Mar. 20th, 2007

We went to see Happy Feet yesterday. The rest of the family had already seen it, but I hadn't, and it was the only movie that was really appropriate and at the right time. Hey, dollar cinema! $4.50 for tickets, $11 for snacks. Always the way.

I honestly can't recall the last time I so thoroughly enjoyed a film. It was probably Dead Man's Chest or Prisoner of Azkaban. I can see why it didn't do as well as hoped, between the IMAX release (too expensive!) and the length of it (too long for wee kids), plus I'm sure the religious right was thrilled about the way they were portrayed, but there was really nothing about it that I didn't like. The animation was stunning, especially the ice-falls and the masses of penguins, and I'm blown away by the near-seamless melding of CGI and live action. I'm not a huge fan of CGI monsters in live-action films, but slinging a handful of humans into a CGI movie about penguins could have been a disaster and instead it was absolutely compelling. (I do think it's much better on a big screen and I'm glad I saw it in a cinema.)

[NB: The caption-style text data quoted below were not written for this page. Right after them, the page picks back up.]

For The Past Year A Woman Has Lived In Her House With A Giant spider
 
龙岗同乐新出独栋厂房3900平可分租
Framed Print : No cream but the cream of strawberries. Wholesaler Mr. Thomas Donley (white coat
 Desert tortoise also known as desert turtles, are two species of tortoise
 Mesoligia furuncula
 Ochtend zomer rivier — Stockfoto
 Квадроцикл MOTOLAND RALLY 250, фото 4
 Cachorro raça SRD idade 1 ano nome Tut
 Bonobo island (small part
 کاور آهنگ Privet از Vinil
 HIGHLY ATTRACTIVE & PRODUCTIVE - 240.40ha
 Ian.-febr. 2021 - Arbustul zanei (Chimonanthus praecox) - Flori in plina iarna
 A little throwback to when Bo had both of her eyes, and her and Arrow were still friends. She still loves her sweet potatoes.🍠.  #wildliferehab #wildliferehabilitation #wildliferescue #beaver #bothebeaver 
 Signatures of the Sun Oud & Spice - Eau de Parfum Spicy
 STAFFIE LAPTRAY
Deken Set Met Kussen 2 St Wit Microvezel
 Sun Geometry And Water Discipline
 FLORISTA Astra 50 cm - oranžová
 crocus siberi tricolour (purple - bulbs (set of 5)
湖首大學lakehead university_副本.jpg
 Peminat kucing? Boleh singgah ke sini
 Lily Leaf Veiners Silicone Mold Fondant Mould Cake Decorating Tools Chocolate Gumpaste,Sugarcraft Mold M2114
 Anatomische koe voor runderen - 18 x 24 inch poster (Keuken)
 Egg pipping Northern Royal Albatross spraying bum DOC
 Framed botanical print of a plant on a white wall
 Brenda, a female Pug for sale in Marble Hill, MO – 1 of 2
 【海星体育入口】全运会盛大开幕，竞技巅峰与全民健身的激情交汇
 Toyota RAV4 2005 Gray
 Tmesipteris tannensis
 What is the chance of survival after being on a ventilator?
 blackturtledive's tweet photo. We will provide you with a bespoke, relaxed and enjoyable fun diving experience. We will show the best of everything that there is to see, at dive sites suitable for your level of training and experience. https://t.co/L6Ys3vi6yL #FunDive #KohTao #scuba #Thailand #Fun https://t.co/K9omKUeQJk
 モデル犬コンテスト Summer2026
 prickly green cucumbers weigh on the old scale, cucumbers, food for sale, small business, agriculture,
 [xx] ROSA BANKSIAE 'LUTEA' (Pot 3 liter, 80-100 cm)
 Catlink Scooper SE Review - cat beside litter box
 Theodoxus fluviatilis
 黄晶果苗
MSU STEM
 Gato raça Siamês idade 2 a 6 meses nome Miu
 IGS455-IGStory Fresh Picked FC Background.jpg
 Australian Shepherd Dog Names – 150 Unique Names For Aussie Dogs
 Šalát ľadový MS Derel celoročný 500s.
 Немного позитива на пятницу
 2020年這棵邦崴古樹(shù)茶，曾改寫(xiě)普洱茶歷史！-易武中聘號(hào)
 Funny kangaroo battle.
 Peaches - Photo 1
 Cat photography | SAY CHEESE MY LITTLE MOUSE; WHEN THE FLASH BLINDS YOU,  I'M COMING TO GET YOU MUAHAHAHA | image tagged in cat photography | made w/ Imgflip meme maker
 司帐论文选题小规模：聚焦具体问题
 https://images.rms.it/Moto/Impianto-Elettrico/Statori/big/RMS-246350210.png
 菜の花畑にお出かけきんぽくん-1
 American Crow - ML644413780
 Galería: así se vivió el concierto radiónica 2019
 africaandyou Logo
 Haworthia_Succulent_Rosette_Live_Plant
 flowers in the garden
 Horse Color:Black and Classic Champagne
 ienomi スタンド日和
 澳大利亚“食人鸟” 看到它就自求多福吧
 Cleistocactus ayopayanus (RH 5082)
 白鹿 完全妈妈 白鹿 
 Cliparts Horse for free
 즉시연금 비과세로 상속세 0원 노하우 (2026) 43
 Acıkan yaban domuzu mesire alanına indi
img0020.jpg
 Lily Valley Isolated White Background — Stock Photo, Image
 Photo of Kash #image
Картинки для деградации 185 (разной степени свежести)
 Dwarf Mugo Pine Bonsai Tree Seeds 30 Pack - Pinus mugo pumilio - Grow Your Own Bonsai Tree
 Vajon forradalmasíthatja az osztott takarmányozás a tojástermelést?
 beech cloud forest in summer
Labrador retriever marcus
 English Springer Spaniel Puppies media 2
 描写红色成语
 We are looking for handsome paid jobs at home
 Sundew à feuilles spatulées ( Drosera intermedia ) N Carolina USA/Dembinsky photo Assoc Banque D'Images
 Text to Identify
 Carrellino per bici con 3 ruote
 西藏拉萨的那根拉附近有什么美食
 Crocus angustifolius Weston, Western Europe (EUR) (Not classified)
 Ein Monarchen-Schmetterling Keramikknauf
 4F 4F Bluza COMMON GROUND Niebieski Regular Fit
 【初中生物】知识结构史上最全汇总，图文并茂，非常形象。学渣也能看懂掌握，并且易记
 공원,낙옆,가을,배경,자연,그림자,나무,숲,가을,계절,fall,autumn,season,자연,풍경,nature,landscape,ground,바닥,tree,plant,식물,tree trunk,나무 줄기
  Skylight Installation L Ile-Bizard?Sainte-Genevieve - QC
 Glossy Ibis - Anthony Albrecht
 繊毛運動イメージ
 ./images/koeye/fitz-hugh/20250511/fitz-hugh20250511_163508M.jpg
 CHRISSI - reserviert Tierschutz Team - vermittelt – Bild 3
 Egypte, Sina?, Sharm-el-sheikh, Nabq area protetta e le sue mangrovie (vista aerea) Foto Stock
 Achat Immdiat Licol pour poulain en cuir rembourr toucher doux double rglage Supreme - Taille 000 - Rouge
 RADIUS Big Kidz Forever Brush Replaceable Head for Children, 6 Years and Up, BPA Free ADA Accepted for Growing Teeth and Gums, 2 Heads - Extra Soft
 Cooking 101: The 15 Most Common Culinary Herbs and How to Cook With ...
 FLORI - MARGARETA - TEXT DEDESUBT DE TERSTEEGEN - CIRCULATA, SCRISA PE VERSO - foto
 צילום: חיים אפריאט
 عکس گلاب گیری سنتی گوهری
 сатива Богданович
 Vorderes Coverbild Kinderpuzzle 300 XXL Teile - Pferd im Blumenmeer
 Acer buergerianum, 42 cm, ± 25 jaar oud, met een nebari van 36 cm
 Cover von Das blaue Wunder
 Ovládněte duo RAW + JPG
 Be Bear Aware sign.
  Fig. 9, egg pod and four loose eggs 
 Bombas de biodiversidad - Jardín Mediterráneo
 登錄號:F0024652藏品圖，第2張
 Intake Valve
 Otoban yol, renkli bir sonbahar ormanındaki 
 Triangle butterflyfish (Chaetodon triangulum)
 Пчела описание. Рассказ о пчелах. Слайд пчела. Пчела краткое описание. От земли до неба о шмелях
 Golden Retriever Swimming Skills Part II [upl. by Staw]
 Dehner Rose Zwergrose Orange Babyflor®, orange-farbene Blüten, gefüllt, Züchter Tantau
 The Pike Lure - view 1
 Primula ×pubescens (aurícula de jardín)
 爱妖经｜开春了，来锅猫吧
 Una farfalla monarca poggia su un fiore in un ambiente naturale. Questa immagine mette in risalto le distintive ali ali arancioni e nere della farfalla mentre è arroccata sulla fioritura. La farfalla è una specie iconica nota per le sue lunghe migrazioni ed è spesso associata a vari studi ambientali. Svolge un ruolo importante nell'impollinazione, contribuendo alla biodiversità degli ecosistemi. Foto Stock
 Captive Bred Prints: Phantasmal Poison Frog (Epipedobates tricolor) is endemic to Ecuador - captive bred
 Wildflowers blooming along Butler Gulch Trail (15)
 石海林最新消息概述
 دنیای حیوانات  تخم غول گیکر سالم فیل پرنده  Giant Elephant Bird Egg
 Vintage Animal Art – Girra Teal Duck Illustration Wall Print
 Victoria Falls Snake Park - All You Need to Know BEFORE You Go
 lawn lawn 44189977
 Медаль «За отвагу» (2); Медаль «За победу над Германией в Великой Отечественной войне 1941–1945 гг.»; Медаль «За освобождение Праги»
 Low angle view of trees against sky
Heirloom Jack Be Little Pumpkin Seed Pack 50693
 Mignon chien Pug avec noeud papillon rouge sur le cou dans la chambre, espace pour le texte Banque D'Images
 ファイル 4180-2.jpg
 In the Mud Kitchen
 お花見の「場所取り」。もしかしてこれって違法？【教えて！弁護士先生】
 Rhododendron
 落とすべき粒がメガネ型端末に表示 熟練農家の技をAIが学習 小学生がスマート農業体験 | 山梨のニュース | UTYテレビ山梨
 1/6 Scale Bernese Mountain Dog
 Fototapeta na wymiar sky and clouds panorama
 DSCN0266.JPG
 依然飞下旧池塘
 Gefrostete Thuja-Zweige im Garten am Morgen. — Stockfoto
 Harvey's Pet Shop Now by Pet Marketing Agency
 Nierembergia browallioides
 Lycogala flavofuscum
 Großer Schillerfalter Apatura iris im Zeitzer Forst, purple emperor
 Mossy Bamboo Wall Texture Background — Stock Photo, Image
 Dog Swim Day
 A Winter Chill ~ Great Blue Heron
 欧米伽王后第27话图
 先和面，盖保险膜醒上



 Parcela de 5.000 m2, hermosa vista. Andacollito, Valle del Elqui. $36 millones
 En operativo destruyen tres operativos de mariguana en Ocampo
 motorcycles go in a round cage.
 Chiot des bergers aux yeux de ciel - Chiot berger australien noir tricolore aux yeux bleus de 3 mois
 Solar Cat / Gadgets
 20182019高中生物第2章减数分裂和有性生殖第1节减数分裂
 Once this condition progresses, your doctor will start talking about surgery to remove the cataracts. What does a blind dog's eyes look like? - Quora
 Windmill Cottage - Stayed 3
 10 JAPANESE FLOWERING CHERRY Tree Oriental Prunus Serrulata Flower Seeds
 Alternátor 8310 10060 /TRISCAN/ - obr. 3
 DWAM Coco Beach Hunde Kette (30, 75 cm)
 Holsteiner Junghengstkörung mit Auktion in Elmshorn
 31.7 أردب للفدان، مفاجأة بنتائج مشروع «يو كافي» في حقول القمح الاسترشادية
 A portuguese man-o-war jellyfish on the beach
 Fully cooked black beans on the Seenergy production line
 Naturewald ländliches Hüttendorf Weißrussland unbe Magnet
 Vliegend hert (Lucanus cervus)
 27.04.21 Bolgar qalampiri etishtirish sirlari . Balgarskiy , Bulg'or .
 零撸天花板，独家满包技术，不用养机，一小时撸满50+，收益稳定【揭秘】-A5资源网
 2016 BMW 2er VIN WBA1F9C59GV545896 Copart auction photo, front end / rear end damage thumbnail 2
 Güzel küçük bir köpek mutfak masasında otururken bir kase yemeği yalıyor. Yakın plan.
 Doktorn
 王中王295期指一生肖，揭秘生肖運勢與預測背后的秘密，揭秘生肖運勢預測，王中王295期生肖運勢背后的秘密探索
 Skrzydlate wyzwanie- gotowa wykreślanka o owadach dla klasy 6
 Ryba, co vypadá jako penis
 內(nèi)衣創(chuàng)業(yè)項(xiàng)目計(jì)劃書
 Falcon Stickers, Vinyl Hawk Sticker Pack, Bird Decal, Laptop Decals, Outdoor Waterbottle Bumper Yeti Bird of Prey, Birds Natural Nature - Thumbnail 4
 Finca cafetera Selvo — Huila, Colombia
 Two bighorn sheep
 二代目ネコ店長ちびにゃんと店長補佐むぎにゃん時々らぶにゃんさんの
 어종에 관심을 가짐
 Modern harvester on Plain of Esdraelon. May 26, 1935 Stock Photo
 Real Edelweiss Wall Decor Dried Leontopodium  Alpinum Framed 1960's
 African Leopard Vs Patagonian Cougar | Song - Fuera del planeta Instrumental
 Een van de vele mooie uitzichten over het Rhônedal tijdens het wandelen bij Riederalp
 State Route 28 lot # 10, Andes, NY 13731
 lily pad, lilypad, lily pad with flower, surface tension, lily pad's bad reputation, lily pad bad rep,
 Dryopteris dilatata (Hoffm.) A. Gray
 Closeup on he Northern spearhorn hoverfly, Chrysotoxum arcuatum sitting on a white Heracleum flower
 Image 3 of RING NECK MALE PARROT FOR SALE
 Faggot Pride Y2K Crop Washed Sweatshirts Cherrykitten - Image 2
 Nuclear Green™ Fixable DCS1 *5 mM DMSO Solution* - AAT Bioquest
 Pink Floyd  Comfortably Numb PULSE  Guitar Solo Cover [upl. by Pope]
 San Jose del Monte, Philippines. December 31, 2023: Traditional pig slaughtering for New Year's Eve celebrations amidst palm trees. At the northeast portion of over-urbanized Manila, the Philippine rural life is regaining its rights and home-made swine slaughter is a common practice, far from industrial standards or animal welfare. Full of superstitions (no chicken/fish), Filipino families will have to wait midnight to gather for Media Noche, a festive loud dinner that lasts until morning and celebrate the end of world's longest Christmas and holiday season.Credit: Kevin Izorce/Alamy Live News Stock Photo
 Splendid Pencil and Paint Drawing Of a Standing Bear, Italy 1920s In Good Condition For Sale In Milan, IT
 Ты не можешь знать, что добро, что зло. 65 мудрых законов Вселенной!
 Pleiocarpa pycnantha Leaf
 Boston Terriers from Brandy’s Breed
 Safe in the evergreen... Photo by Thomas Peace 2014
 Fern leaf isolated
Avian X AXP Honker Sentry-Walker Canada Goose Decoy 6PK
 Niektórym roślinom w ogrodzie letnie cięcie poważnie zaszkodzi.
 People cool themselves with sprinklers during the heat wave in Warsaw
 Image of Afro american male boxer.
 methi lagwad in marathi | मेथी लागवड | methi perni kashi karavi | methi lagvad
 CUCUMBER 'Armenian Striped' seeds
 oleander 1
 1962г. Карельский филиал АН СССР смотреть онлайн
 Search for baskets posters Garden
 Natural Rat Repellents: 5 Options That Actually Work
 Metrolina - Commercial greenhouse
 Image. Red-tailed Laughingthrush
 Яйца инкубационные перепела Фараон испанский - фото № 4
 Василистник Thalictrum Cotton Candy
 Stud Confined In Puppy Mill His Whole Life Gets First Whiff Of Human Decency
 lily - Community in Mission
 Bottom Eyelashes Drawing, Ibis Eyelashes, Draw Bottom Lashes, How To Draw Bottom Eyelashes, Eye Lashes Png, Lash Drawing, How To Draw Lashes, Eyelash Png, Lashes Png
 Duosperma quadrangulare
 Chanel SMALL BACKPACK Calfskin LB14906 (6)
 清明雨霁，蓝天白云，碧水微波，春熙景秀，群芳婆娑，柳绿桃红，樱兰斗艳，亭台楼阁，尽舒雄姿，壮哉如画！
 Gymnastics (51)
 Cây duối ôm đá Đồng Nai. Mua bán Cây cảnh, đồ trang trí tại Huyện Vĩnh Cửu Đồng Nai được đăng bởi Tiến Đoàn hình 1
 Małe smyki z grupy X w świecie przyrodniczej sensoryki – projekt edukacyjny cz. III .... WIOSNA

And then there are times you just laugh, because it's fucking penguins. You just sit there and all of a sudden it dawns on you that you're watchin' penguins have serious conversations. Also, there's an avalanche and in the middle of the avalanche a tractor falls off a cliff. No warning, just, BAM, TRACTOR INNA AVALANCHE.

Plus, I'm a huge fan of tap from way back, and was following Savion Glover when he was the little punk in Tap, so that was neat to see. I leaned over to mum halfway through and said "They modeled Glover for this, didn't they" and we checked the credits and sure enough, Savion Glover was the dance model for Mumbles.

So, overall, A++, would groove again.
I've been trying to enjoy The Prestige, but there's so much wrong with it.

I had thought it was going to be a fantasy story about a magician who really could do magic competing with one who couldn't. I know better than to create these stories in my mind. What the story is in fact about is two horrible borderline sociopaths playing increasingly homicidal tricks on each other, neither of them doing anything for the love of performance, both destroying everyone in their path. I could have at least enjoyed the story if it were more about the epoch-changing introduction of controlled electrical power, but that's barely a sidenote, bright lights back of the magician.

The major problem is that the story is set in three separate parts of the mens' lives, all of which begin to converge as the first two move forward in time towards the third. The second two also involve two men reading a journal, the second journal based on observations from the first, switching hands back and forth. It's a very intricate piece of screenwriting, but it's not very convincing or compelling. Isn't there any trick better than killing someone and bringing them back to life? I can think of a handful that I'd be more interested in seeing, because when someone dies there's a highly limited number of ways to bring them back.

The upshot? The problem with both The Illusionist and The Prestige is that you can write about magicians or you can be a magician, but you can't do both at the same time. A two hour movie is too long to sustain a magic trick when your audience is looking for the handkerchief up the sleeve.

It'd be worthwhile to write about a rivalry between two magicians, one who performs using tricks and sleight-of-hand, one who has actual magic at his beck and call. Watching those two people interact, that would be fun to see. Watching the illusionist win would be even better. But why bother turning the whole movie into a magic trick? It's not clever and it's not entertaining, the two things that your audience generally requires if you are going to show it a magic trick.